Day one as an ordinand began in chapel, where we were invited to keep silence.

I closed my eyes and vaguely asked God for some kind of sign to make me feel right about being here.  The one I got when I opened my eyes again wasn't vague: right outside the chapel window is a large aluminium sign, a red warning circle around the word SLOW in bold capitals.  Hardly subtle, Lord, but then you know sometimes I need un-subtle.

It was a warm, growthy, sun-shiny day.  Sunlight filled the chapel so it looked like a conservatory.  The trees were primary-school green with a stripe of September gold; the sky was a perfect blue bowl.

In the window, two spider webs fluttered in and out of sight like holograms in the stiff breeze.

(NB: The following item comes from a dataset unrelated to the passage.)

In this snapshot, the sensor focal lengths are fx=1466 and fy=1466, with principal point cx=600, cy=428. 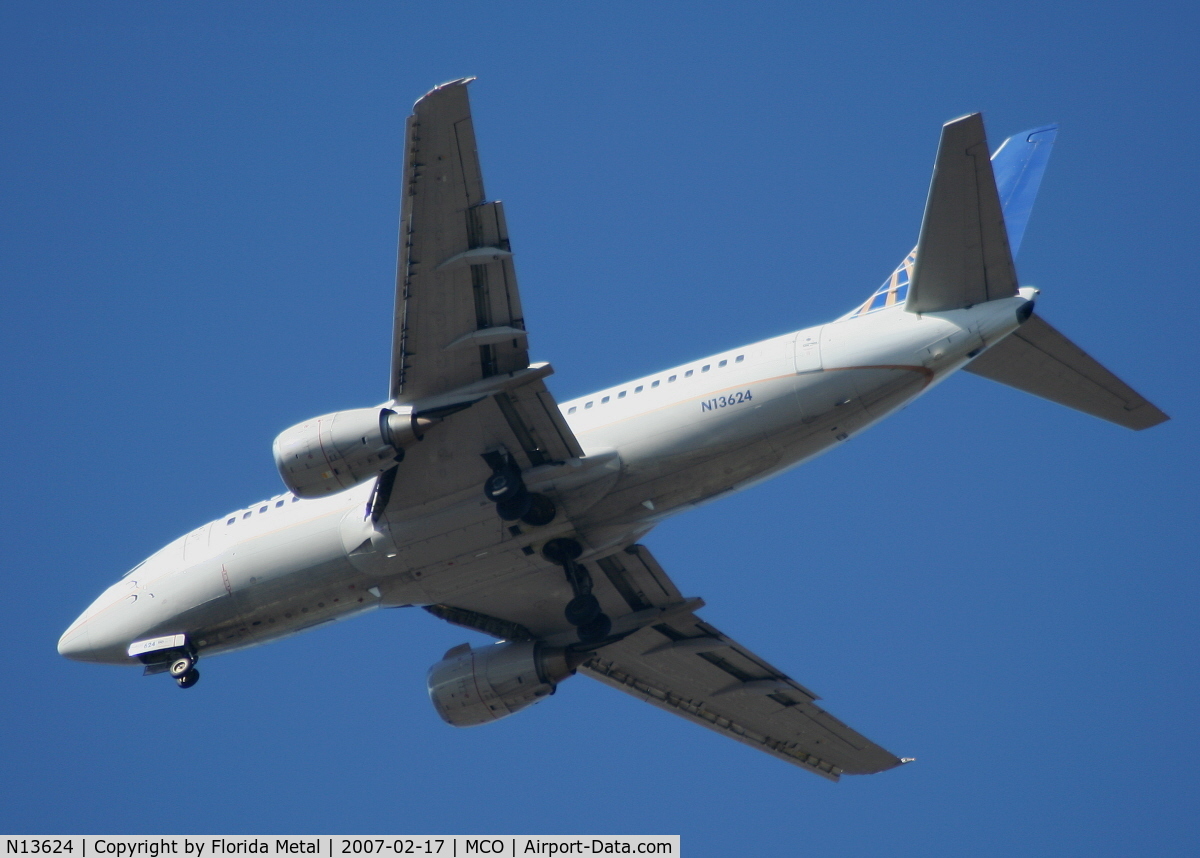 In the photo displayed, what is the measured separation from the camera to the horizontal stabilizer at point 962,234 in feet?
79.0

A few rusty leaves fell from the big tree, like the first grains of sand in an hourglass counting down to the end of autumn term and the Christmas holiday.

Slow.

Everyone says once we get into the swing of things, the weeks will disappear like snow off a ditch.  We have been well warned to manage time carefully, choose essay topics early, arrive punctually to lectures and services, plan ahead where we will do placements.

Why would God be telling me to go slow?

0.8 weeks in, the pace already seems rather relentless.  Supinely attending lectures is not an option.  The amount of work required is going to be as heavy as they said it would!

It would be very possible to get overwhelmed by all the activity.  I'll need silences like the one last Monday morning.  Silences that serve as white margins between sections so as not to drown in words.

Times to think slowly.  Savour, digest, internalize.

In under twelve weeks now, that big tree will be bare of leaves.  And when I walk under its boughs to get the bus home in mid-December, I hope I've remembered God's warning sign to me on day one: in the frenetic thick of things, take some things slowly.  Enjoy them.  Enjoy him.